The Evolution of The Exclusionary Rule
"The Fourth Amendment contains no provision expressly precluding the use of evidence obtained in violation of its commands," but in Weeks v. United States (1914) and Mapp v. Ohio (1961), the Supreme Court created the exclusionary rule, which generally operates to suppress - i.e. prevent the introduction at trial of - evidence obtained in violation of Constitutional rights. "Suppression of evidence, however, has always been last resort, not first impulse. The exclusionary rule generates substantial social costs, which sometimes include setting the guilty free and the dangerous at large." In United States v. Leon, the Supreme Court clarified that the exclusionary rule "operates as a judicially created remedy designed to safeguard Fourth Amendment rights generally through its deterrent effect, rather than a personal constitutional right of the party aggrieved." Application of the rule should be sensitive to this purpose, the court said: If suppression "does not result in appreciable deterrence," the court had said, "its use ... is unwarranted."
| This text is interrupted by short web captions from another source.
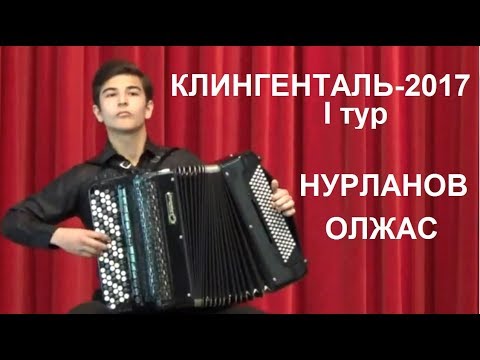 Видео: ОЛЖАС НУРЛАНОВ  И.С. Бах "Прелюдия и фуга fis moll" 1 том Клингенталь-2017 I тур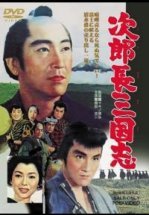 Королевство Дзиротё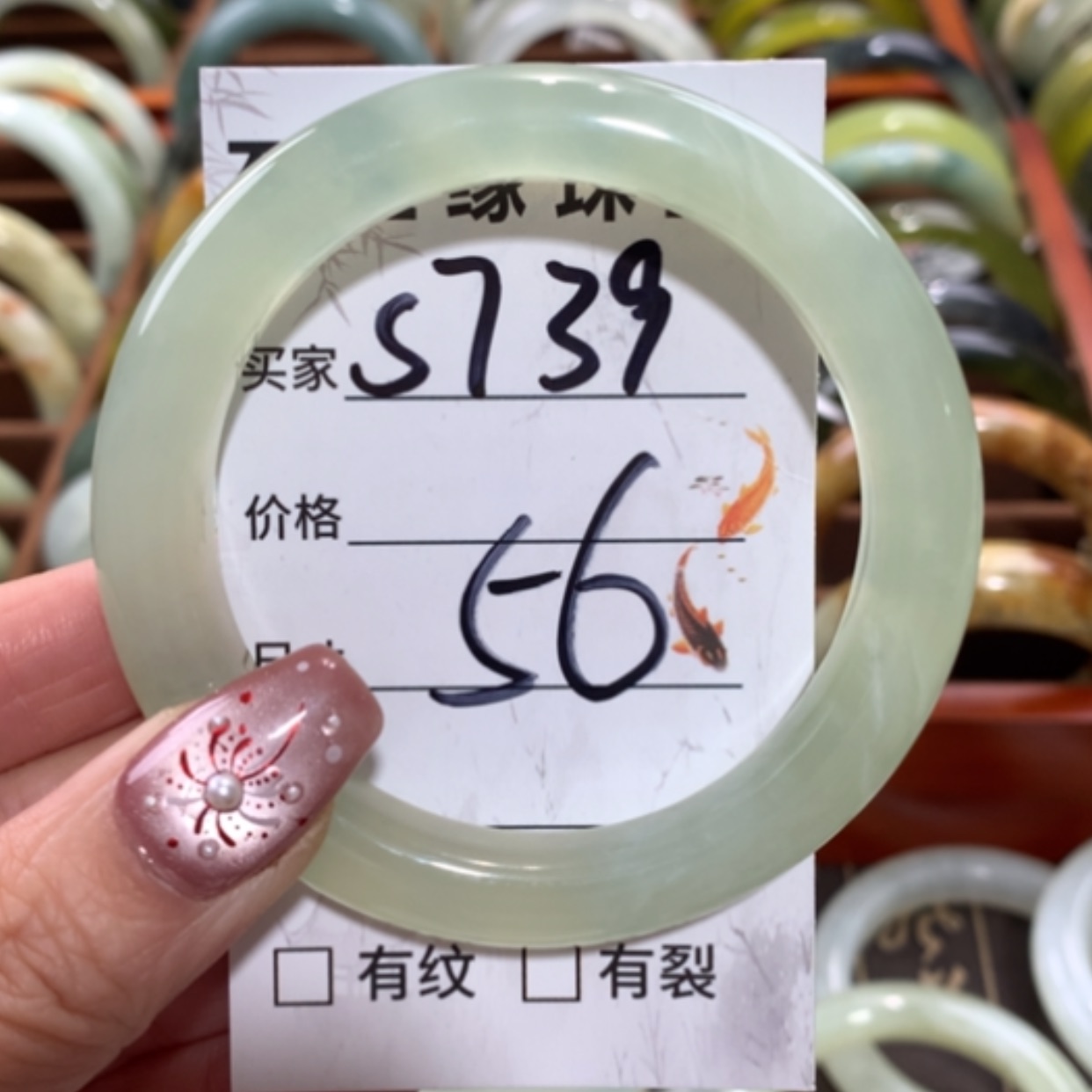 【闪购商品】未镶嵌蛇纹石玉手镯?**芋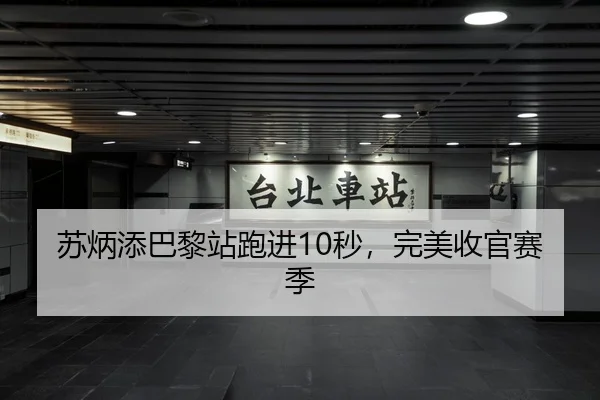 su-bing-tian-ba-li-zhan-pao-jin-miao-wan-mei-shou-guan-sai-ji-3-472.jpg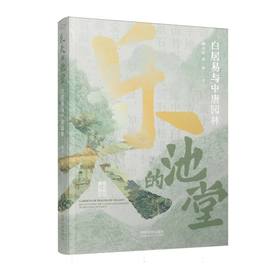 乐天的池堂:白居易与中唐园林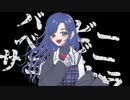 『バイビーベイビーサヨウナラ』歌ってみた　*＊飴空＊*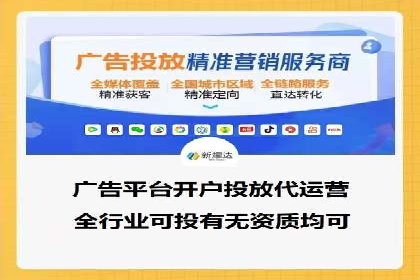 竞价开户实战案例：网络推广的秘诀与技巧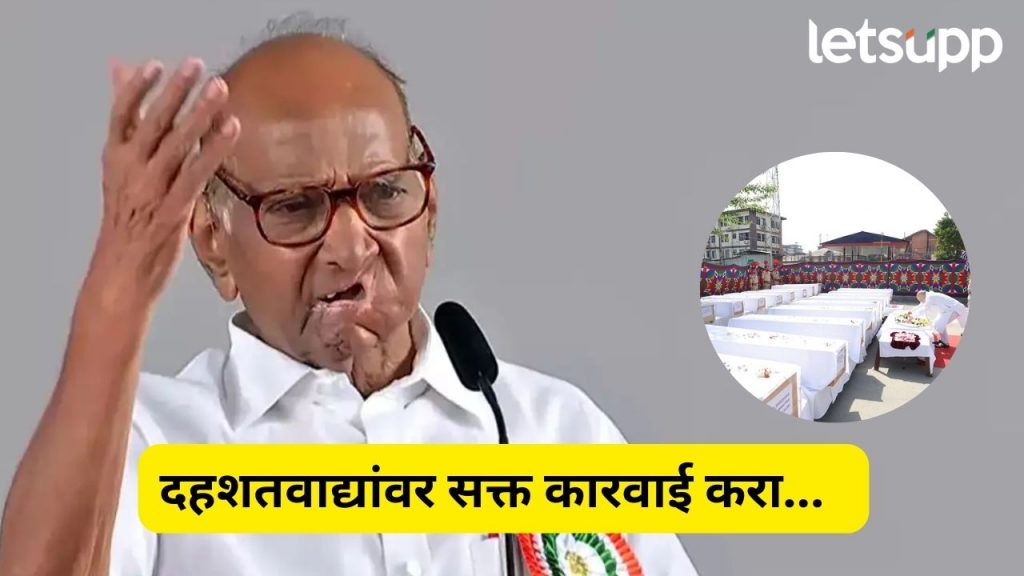 Sharad Pawar (2)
Thus, for example, in Leon itself, the court concluded that the fruits of a search based on a search warrant later found defective should not be excluded because the rule's deterrent purpose "will only rarely be served by applying it in such circumstances," and in Arizona v. Evans, the court concluded that the fruits of a search based on an arrest warrant that was no longer valid, but that was still listed in the police system because of an error by the issuing court's clerk, should not be excluded because such exclusion would have no deterrent effect.